*DATASET EXTRACT*
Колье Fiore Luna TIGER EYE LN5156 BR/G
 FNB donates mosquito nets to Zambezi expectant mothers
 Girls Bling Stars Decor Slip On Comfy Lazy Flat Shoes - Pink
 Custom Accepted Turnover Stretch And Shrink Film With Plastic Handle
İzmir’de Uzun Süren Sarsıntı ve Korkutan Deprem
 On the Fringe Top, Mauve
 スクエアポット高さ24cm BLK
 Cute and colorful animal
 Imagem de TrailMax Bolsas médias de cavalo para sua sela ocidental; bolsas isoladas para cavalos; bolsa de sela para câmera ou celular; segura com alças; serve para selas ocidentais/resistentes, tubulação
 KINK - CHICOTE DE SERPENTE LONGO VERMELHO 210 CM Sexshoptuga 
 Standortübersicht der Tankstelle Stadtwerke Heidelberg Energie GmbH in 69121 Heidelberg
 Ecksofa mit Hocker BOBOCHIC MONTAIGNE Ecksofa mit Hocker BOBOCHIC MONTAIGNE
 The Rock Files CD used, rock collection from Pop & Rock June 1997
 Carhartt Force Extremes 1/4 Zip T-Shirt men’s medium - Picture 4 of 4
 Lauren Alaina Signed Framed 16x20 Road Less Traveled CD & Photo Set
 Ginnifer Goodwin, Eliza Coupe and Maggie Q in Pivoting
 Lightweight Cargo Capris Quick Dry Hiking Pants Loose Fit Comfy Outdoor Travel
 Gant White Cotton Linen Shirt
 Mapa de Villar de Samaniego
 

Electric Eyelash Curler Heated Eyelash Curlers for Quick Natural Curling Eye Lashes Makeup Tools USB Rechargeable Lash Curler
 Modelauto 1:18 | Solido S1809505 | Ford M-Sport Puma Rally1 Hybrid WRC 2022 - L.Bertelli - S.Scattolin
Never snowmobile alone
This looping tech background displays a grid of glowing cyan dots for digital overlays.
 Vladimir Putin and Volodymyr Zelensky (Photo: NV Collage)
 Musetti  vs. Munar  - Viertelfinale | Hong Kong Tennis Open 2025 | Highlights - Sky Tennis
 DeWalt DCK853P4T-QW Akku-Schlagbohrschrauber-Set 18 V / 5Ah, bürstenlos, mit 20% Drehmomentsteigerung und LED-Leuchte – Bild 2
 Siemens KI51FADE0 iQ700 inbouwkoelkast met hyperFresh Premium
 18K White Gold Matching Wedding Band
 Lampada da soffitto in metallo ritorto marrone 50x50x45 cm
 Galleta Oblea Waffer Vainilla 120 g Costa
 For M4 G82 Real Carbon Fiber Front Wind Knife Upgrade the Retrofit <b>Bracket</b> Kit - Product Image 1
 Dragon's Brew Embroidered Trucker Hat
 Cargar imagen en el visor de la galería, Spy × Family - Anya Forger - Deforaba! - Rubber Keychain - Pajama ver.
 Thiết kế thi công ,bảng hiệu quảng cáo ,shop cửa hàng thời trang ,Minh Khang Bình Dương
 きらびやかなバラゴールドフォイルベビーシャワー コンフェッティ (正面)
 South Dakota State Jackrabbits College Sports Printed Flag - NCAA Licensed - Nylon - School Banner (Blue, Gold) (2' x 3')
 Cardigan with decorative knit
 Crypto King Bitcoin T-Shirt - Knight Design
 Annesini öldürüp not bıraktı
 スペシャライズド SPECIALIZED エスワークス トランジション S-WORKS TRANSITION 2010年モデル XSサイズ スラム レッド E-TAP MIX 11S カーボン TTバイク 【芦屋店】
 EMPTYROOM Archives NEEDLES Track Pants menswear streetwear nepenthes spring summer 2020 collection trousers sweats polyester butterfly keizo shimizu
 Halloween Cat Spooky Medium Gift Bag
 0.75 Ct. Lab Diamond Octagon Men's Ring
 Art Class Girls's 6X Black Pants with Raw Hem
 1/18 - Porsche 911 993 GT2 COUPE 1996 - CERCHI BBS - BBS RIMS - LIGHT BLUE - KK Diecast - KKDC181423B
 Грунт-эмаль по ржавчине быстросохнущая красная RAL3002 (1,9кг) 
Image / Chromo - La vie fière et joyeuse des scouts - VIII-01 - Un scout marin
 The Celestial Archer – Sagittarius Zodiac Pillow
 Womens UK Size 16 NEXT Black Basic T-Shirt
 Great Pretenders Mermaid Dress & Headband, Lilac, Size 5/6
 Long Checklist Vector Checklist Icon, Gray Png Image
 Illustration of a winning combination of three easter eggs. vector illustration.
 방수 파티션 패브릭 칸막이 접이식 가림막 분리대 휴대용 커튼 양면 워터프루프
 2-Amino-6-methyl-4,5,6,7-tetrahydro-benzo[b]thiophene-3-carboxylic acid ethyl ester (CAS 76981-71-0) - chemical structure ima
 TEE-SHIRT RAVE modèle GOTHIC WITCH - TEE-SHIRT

*TASK OBJECTIVE*
Search the records for the word "Girls" and return every line that holds it.

*SOLUTION TO THE EXERCISE*
 Girls Bling Stars Decor Slip On Comfy Lazy Flat Shoes - Pink
 Art Class Girls's 6X Black Pants with Raw Hem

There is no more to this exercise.